Sanho Tree, writing below for the Transform blog, responds to the Guardian report last week that 'UN wants 'flood of drugs' in Afghanistan to devalue opium':
United Nations officials in Afghanistan are attempting to create a "flood of drugs" in the country intended to destroy the value of opium and force poppy farmers to switch to legal crops such as wheat.
After the failure to destroy fields of the scarlet flowers in Afghanistan's volatile south, the United Nations Office on Drugs and Crime says the answer is to stop the drugs from leaving the country in the first place.
"Manual eradication is incompetent and inefficient," UNODC chief Antonio Maria Costa said during a visit to the western Afghan province of Herat. "So we want to see more efforts to stop the flow of drugs across Afghanistan's borders and the hitting of high-value targets to create a market disruption.
"We want to create a flood of drugs within Afghanistan. There will be so much opium inside Afghanistan unable to go out that the price will go down."
It looks like Costa has finally been mugged by reality.
When the Taliban allowed anyone to grow poppies in the late 1990s, the price of a kilo of opium fell to $30 on the streets of Kandahar because of the resulting glut. When Mullah Omar decreed it was no longer consistent with Islamic values to grow poppies in 2000, the prohibitionist price of opium shot up to $740/kilo just before the Sept. 11 attacks.
For the first time that I can recall, a prominent drug warrior has allowed the inconvenient truth of prohibition economics to intrude on his crusade.
Alas, Costa still clings to the idea that opium can still be stopped from leaking across the borders of Afghanistan. Still, the idea of allowing the natural devaluing of illicit crops by stopping eradication is more than a baby step -- it's a sea change in drug war thinking and it stops the counterproductive and inhuman "war" against peasant farmers. Now that he has admitted the futility of shoveling water, we can only hope he will abandon the idea of building a metaphorical wall around the country.While I truly applaud Costa's belated arrival to the real world, it is still a fairly simplistic solution he has outlined. Since the days of the Silk Road Afghanistan has been been famous for trading by merchants, plundering by bandits, and smuggling by tax evaders. The latter two groups know the terrain better than any Westerner or Google map and I doubt NATO can seal the borders from these people any more than they can keep the Taliban from walking back and forth
to Pakistan. It's also one of the most corrupt countries in the world so a little cash can facilitate a lot of smuggling.

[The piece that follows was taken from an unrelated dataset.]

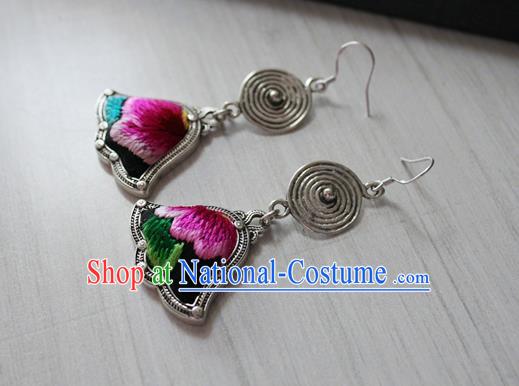 China Traditional Miao Nationality Embroidered Ear Accessories Guizhou Hmong Ethnic Folk Dance Silver Earrings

While the addiction rates in Afghanistan are still relatively low and rising, the neighboring countries have a huge addiction and HIV problem as a result of cheap Afghan heroin. The situation is dire and demands real solutions.
Still, I think his policy switch is important for five main reasons:
1) It's the first time a top drug warrior has allowed the law of supply and demand to rear its inconvenient head into policymaking. Will wonders never cease? Once they have acknowledged
this, it's hard to go back and pretend they can still make illicit crops disappear by making them astronomically more valuable in a world where HALF of the human race "subsists" on less than $2/day.
2) It's hard to eradicate in a region where illicit crops have taken root and the trade networks have been established. It's a lot easier to prevent a region from converting to illicit crops in the first place. If farmers transition back to legal crops, those networks could recede and then they might have a chance of preventing their return if there is sufficient aid for infrastructure and credit.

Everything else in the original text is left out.